Depurato dai noiosissimi numeri musicali, probabilmente assai poco piccanti pure per l'epoca, non è neppure malissimo. Qua e là il duo Totò-Macario funziona e invita al sorriso, col piemontese che si fa angariare dal compare, un po' come Stanlio con Ollio. Girato alla "buona la prima", benché Nando Bruno guardi in macchina, benché Totò s'impappini... Alla fin dei conti è guardabilissimo, magari con un po' di "avanti veloce". Largheggiando, vale **
I gusti di B. Legnani (Commedia - Giallo - Thriller)


Il regista è lo stesso di Totò Sexy, e così - in parte - il cast, rappresentato, nel nucleo portante, dal duo Macario-Totò: due sprovveduti lanciati in un viaggio che si vorrebbe (e per l'epoca forse lo era pure) piccante. Questo è però il primo capitolo, ispirato dai "fascinosi" mondo-movies, avviati dal Mondo Cane girato solo l'anno precedente. Da vedere, perché pur se poco significativo, offre un giovanissimo Buzzanca ed un irrestistibile Agus a fare da spalla al "Principe".
I gusti di Undying (Horror - Poliziesco - Thriller)


Non si può dare un pallino solo a Totò, ma qui siamo al punto più basso della carriera, e a tratti il Principe pareva rendersene conto, tanto son fiacchi e prevedibili gli scambi con un non meno spento Macario. Ci vuole un'oretta quasi perchè il filmucolo regali, prima col sabotaggio del tronfio madrigalista spagnolo e poi con l'incredibile twist che Totò balla con la Margaret Keil (mora), un po' di brio. Operazione deprimente e purtroppo non isolata.
I gusti di Il Gobbo (Gangster - Poliziesco - Western)


Totò di tutto ha fatto (tranne la parodia western); in questo caso è stato cacciato nell'ambiente "lounge" e kitsch del documentario-movie in voga nei sessanta. A dire il vero di documentario c'è pochissimo ed è appiccicato a sketch raffazzonati, in compagnia dell'amabile Macario.

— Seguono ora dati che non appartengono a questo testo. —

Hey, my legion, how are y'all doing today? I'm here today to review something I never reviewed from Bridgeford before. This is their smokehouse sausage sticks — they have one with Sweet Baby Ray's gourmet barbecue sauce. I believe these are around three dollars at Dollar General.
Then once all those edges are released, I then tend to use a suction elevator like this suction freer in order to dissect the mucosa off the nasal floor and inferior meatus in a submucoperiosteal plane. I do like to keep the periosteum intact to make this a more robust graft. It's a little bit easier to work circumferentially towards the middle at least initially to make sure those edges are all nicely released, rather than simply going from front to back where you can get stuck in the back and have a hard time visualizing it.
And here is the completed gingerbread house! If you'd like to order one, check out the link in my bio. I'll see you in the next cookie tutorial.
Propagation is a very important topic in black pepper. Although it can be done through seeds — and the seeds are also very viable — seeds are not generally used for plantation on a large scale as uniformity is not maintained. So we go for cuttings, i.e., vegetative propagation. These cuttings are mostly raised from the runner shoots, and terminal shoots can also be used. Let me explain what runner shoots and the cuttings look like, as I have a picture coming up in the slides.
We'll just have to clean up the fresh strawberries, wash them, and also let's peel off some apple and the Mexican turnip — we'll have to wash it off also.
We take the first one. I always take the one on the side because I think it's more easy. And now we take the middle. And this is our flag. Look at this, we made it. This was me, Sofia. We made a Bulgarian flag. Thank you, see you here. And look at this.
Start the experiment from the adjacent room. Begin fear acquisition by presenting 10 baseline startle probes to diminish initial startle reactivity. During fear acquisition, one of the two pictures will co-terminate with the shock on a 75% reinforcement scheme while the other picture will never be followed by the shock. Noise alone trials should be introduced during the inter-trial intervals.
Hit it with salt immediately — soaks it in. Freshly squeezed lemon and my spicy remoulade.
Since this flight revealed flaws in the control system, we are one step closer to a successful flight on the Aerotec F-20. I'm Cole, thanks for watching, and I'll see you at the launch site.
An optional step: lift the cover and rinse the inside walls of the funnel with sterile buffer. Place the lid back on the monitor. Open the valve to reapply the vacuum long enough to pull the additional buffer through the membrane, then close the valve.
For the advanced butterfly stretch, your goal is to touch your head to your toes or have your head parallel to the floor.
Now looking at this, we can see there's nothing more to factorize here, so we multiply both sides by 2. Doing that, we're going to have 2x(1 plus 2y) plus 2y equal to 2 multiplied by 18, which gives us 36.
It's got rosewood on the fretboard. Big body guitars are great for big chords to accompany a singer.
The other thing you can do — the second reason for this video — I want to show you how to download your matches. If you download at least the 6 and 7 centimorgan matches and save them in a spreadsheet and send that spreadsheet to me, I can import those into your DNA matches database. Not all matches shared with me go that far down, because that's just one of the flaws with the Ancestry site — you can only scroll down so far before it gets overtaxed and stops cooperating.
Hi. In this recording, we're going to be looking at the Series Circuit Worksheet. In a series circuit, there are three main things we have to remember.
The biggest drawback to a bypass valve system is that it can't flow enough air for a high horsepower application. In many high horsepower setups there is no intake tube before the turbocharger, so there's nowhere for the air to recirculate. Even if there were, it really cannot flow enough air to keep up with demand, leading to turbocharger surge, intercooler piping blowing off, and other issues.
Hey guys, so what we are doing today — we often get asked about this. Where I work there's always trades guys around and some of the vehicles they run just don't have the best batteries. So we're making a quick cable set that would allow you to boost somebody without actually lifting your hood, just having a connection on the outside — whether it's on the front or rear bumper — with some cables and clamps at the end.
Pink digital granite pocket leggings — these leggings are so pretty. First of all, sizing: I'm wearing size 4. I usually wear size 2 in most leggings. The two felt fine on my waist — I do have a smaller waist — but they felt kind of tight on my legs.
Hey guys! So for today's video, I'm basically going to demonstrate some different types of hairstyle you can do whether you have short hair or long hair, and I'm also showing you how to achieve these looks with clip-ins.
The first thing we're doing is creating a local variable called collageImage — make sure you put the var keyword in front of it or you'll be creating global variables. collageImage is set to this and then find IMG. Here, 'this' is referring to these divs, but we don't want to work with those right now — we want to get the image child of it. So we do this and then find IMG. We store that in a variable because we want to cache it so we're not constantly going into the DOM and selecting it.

Un film abbastanza miserabile ma di quelli che fan sorridere per l'involontario gusto di "far cadere le braccia". E comunque l'icona dei due comici come contrabbassisti vive di vita propria, soprattutto quando si scatenano col twist "Rosa Morena".
• MOMENTO O FRASE MEMORABILI: Quelle custodie di contrabbasso, che da rigide diventan morbide e poi rigide...; Macario in kilt dice di non avere le mutande ma... le ha.
I gusti di Matalo! (Commedia - Gangster - Western)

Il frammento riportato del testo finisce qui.